What is Composite Decking?
Traditionally, decks are crafted of wood planks. Unfortunately, wood planks are susceptible to rotting, warping and splitting, especially in extreme temperatures. Composite decking offers the look of wood but provides the durability needed to make it suitable in extreme climates. Composite decking is a man-made material that combines wood and plastic to create longer-lasting panels that are easy to care for.
The process of creating the planks involves mixing all the products together, which results in one consistent color throughout the lumber. The consistent coloration throughout makes any scratches minimal in appearance because the same color is below the surface of the board as well. The plastic component can contain one of three different plastics. Understanding the differences can help you choose the right composite decking material for your space.
- Polyethylene: This material is by far the most commonly used in composite decking because it is the material used to create soda and water bottles. It does have a tendency to expand and contract slightly in hot and cold temperatures, which may cause the composite decking in winter to get loose or shift slightly.

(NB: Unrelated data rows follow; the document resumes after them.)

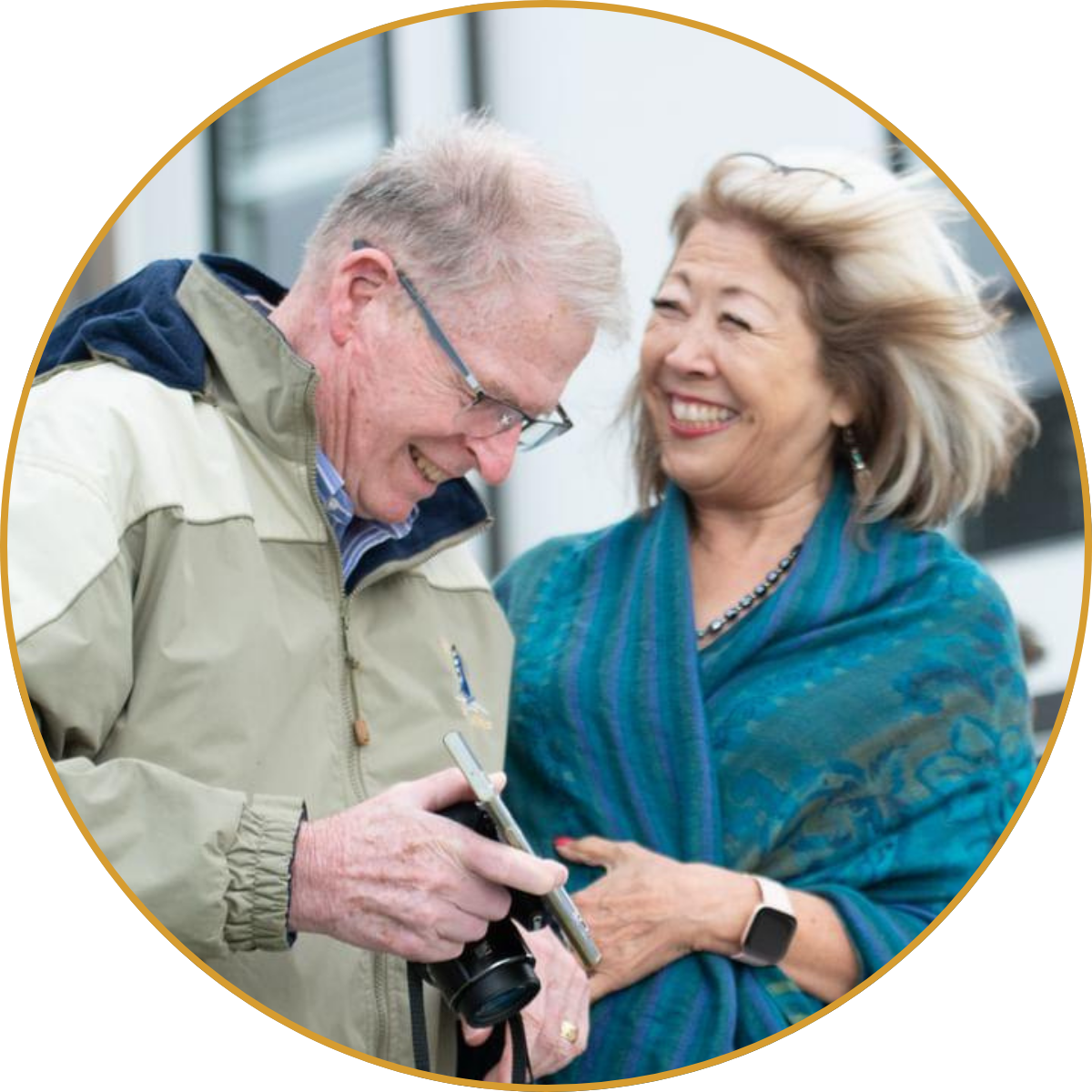 Smiling couple looking at a camera, with the man holding it and the woman in a blue scarf beside him.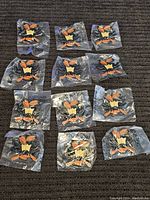 Twelve sealed Hekyl and Jekyl enamel pins laid out on a dark surface.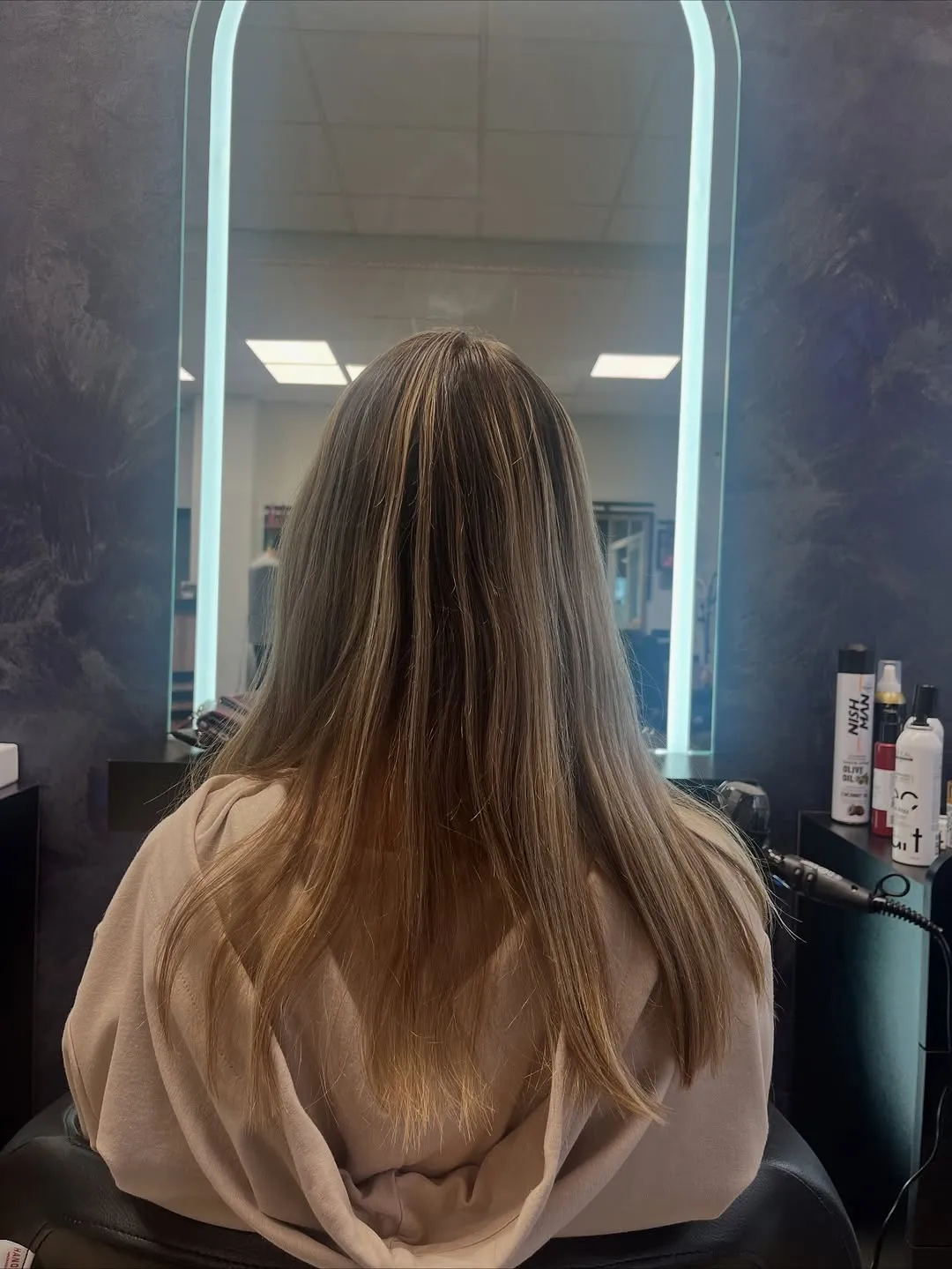 Lange, glatt geföhnte Haare in Dunkelblond mit helleren Spitzen, von hinten vor einem beleuchteten Bogenspiegel.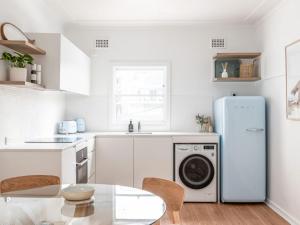 a kitchen with a white refrigerator and a table at No 6 ShoalHaven in Shoal Bay
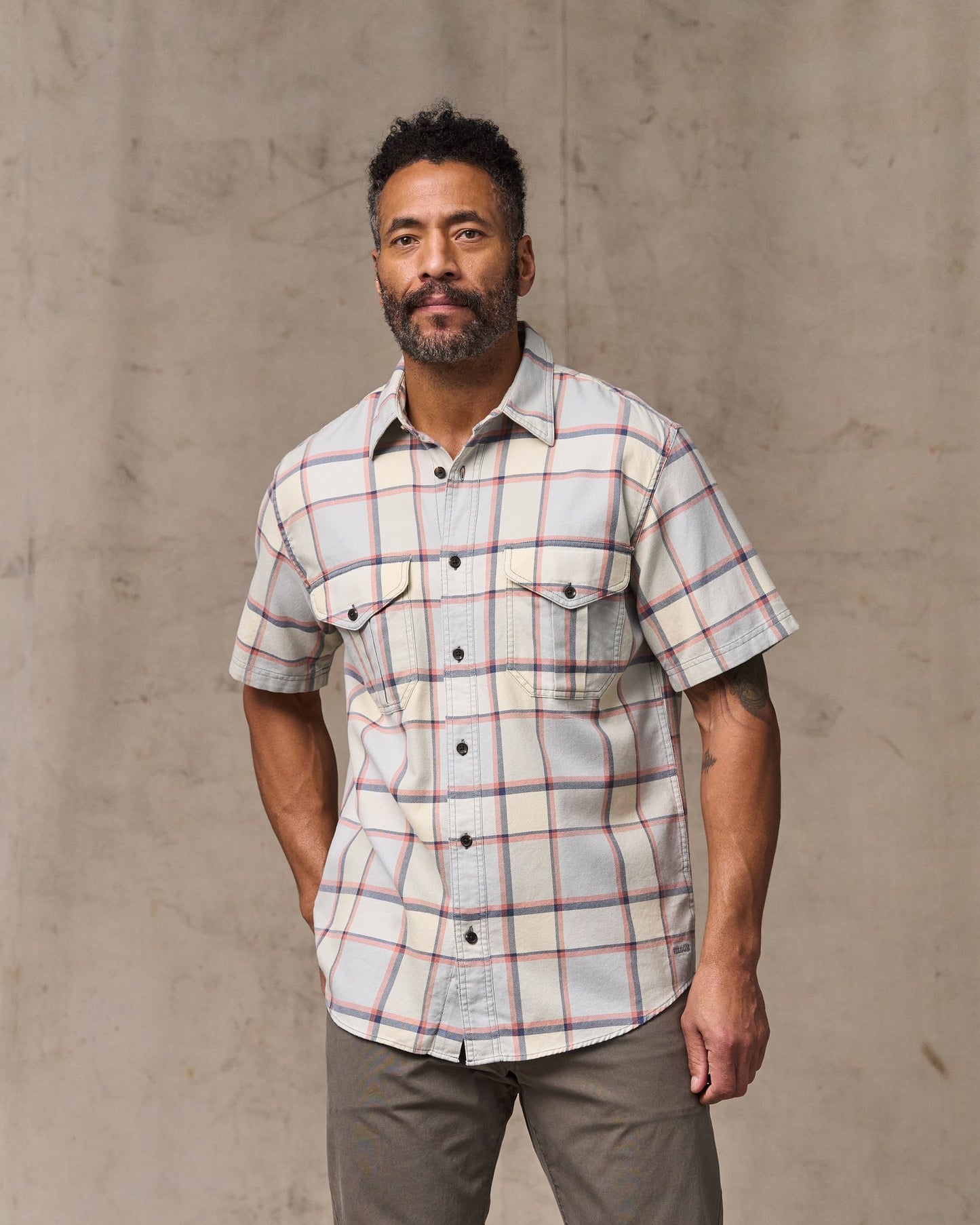 image of a model wearing Filson's Short Sleeve Lightweight Alaskan Guide Shirt  - Light Blue / Tan Plaid|Model is 6'2" wearing a size medium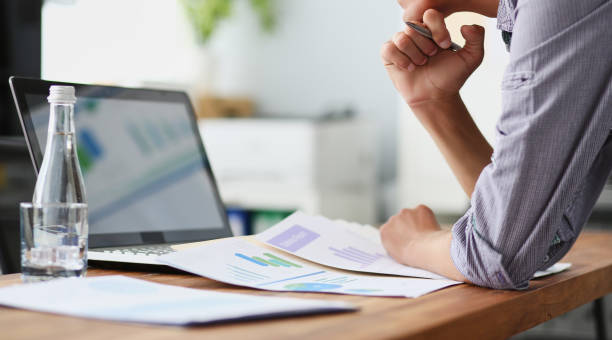 Side view of experienced businessman looking at financial data with graphics and charts while work on a laptop computer.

- Polypropylene: This material has grown in popularity when it comes to the manufacturing of composite wood because it is more tolerant of extreme temperatures. Because it is less likely to expand and contract, it is the ideal choice for composite decking used in climates that experience extreme summers or winters.
- Polyvinyl Chloride: Most often referred to as PVC, this is the least desirable component of the three plastic materials. When this material is used for decking it is not used in conjunction with wood or wood powder. PVC decking is crafted of only plastic, making it too susceptible for breaking in extreme temperatures.
Keeping Your Composite Decking Protected from Snow and Ice
Even with the addition of plastic, composite decking should be properly cared for in the winter months to keep it looking great for many years to come. When a light snowfall and layer of ice are possible, take the time to sweep away any fallen leaves, dirt, or debris in advance of the snow. This will help to prevent the wet debris from leaving stains behind mud, grime, and stains.
Getting Ready for A Winter Storm
When a storm is on the way, a little prep will save from repairs after the event. Start by clipping and trimming any branches that hang over the deck to prevent them from scratching up against boards or falling onto the deck and leaving a dent. Even strong branches above a deck are an opportunity to form icicles that can fall and break on the deck.
With the space surrounding the deck cleared, pack up or cover up all the outdoor furniture and remove light items that may blow away in the storm. If possible, move deck or patio furniture to the garage or a storage shed. Give the whole deck a good sweep to rid the area of any debris.
Using the Right Tools to Clear Away Snow
After the snowfall is over or the storm has passed, you’ll likely have a layer of snow and possibly ice on the deck and railings. Before you reach for your shovel and start plowing away the snow, consider the potential damage that shovel gauges could cause when you reach that final layer. The plastic component of composite decking protects it against the moisture of the snow, so you don’t have to worry about warping from moisture exposure.
Save the shovel for the driveway and reach for a soft broom instead. Sweep away any light snow. If you hit a layer of dense snow or ice underneath, use a calcium chloride ice melt product to get rid of anything the broom didn’t clear. Should the de-icer leave a white residue on the boards, use a mild soap and water to rinse the residue away and make your composite decking look like new again. If you absolutely must use a shovel, make sure to use a plastic shovel with the flex needed to avoid scratching the decking.
Inspecting Composite Decking for Damage
Even with all the proper preparations, there is a chance that some damage occurred during the storm. With the deck cleared, take a moment to perform a quick inspection of the material. Keep your eyes open for any cracks, areas the composite is peeling, or loose screw boards that may need refastened to the joists below. If you do notice any damage, take the time between storms to make a quick repair to prevent the situation from getting worse with subsequent storms. A few simple touchup materials can help you mend any small scratches or chips that do occur.
Composite wood isn’t just a popular choice for decking, it is also used to craft strong and incredibly durable outdoor furniture as well. Whether you are refurbishing an existing deck or building a new deck, choosing composite decking is a great way to get the traditional look you want while keeping the outdoor space low maintenance.